I was intrigued by an obscure Old Testament story read in a church service recently. What possible relevance might it have to an audience reading the text many centuries later? How would such an account of history be helpful beyond the immediate narrative?
Old Testament passages often bridge the historical gap via the filter of the Cross of Christ to show God’s concern for us many centuries prior. This has even greater value than merely enjoying the moral lessons on offer.
In Jeremiah 32, we see the prophet in jail. On the threshold of invasion by the Babylonians, land in the southern Israelite kingdom of Judah is now worthless. Jeremiah’s relative, Hanamel, has a block to sell and the prophet must be pitying his predicament. God, however, speaks to Jeremiah about it. Cousin Hanamel is on the way to pay a visit, but Jeremiah is told to buy the land for himself when he arrives.
What?! You could imagine Jeremiah protesting, “Food is scarce, the nation is about to be overrun, and you want me to buy a lot that could be seized at any moment?” Without a word of protest, though, he makes the transaction. God has spoken and that settles the matter as far as he is concerned.
The ‘seventeen shekel’ price tag has no reference point, but if fifty shekels were paid for the site of the temple centuries prior, then the land has probably now devalued. Nevertheless, the circumstances still make the payment a costly sacrifice.
And the point? Beyond the obvious lesson to honour God’s direction, there are six fascinating elements of God’s plan to redeem people just like you and me.
1) God’s redemptive plan values people and asks us to do the same.

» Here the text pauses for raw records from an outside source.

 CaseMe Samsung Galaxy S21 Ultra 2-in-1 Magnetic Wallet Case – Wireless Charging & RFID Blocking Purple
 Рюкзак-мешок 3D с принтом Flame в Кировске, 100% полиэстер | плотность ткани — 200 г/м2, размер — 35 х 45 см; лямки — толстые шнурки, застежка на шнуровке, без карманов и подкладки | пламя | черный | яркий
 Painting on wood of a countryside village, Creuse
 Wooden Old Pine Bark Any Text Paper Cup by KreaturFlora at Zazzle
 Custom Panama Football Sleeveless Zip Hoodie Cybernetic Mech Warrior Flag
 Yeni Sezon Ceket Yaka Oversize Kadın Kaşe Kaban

In the Bible, the silver used in this form of currency is symbolic of redemption (see Leviticus 5:15 and Numbers 3:44-51). The ransom price of Jesus was thirty pieces of silver (Matthew 27:3-9), the amount paid for a slave’s life in Exodus 21:32. Here, silver redeems something that has little value to others but is prized by the one who sees as God sees. That the number of shekels is seventeen finds several redemptive parallels, most notably in the seemingly worthless life of Joseph who, at seventeen, was rejected by his brothers but began to be used by God to eventually redeem his family.

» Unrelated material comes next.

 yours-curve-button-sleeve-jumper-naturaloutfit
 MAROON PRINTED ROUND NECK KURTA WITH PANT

2) God redemptive plan reveals His mercy toward us.
Names also have significance in the Old Testament and therefore convey meaning for us. Hanamel is symbolic of the character of God. His name means ‘God is gracious.’ That of his father (and Jeremiah’s uncle), Shallum, means ‘retribution.’ One of God’s essential attributes is perfect justice against sin, but it is balanced by His perfect mercy toward the sinner. Here, the land is owned but must be redeemed, as with people today. 2 Corinthians 5:21 reminds us that Christ had to take our sin upon Himself to ransom our lives as a perfect human substitute who, in being God, could Himself be sinless.
3) God’s redemptive plan invites us to respond to His desire for people.

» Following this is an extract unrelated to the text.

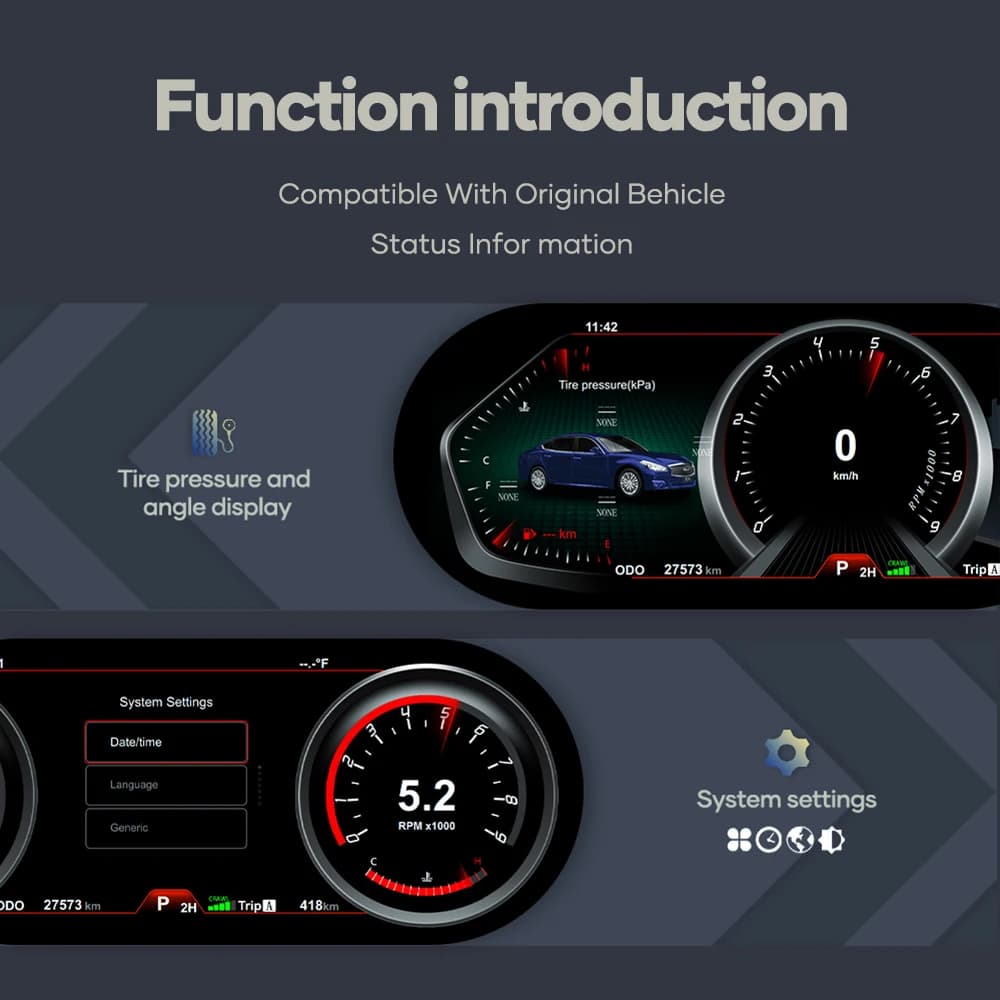 12.3 inch Prelingcar Digital Dashboard For Infiniti Q70 Car Lcd Panel Speedometer Virtual Cockpit — view 5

The land was in Anathoth, which means ‘answer to prayer,’ situated in the tribe of Benjamin, ‘son of the right hand.’ If the land symbolises people who are redeemed, then their worth as those favoured by God is truly realised in answered prayer through the efforts of the one who responds to the word from God. Jesus does the redeeming, legally, for all people, but we find ourselves still praying to see salvation effected for individuals who must still respond.
4) God’s redemptive plan involves a price being paid.
Jeremiah’s name speaks to us of the role of Jesus in paying the ransom price for people. He is the kinsman-redeemer, as with Boaz in the book of Ruth. Jeremiah was literally the one ‘who God has appointed,’ as is Jesus, but as are we. The imprisonment symbolises Christ’s death, but also our own sense of sometimes feeling surrounded on all sides, or perhaps overwhelmed by circumstance. Our responsiveness to God in those moments is a choice and we play a part in bringing His redemptive plan into effect. Discipleship obedience inspires prayer, evangelism, servanthood, or sacrifice so that, as partners in Jesus’ mission, we die to self and pursue His will.
5) God’s redemptive plan is to be shared by all God’s people
Baruch served as witness to the transaction, and his name means ‘blessed.’ He was the son of Neriah, meaning ‘son of God’ who was the son of Masseiah, meaning ‘God is shelter.’ Collectively, these names speak of the character of the church, witnessing the redemptive work of God in others and also being witnesses to share the Good News. We also enjoy the shelter, or protection, of God by virtue of ourselves being the redeemed people of God.
6) God’s redemptive plan involves a purpose for our lives.
Perhaps the most well-known passage in the book of Jeremiah is found in 29:11. It speaks of the plans God has for His people to give them hope and a future. This oppressed generation could turn to Him and find their purpose, just as this passage in Chapter 32 also reiterates. God redeems us because He sees value in people (even ourselves) when we don’t necessarily see it the same way.
Of course, these concepts provide a typological example, the sort that the New Testament endorses (e.g. 1 Corinthians 10:1-11). The Old Testament so often foreshadows the themes of the New Testament and thereby showcases God’s clear intent to redeem His people as an act of love.
It is so enriching to see that passages we might think to be obscure on first glance, are often clear examples of God’s great plans for people just like you and me. We need to be careful not to build a perfect theology on textual analogies which can break down on finer points of inspection, but the principles woven throughout the Old Testament still affirm to us that throughout history, we have been on God’s mind.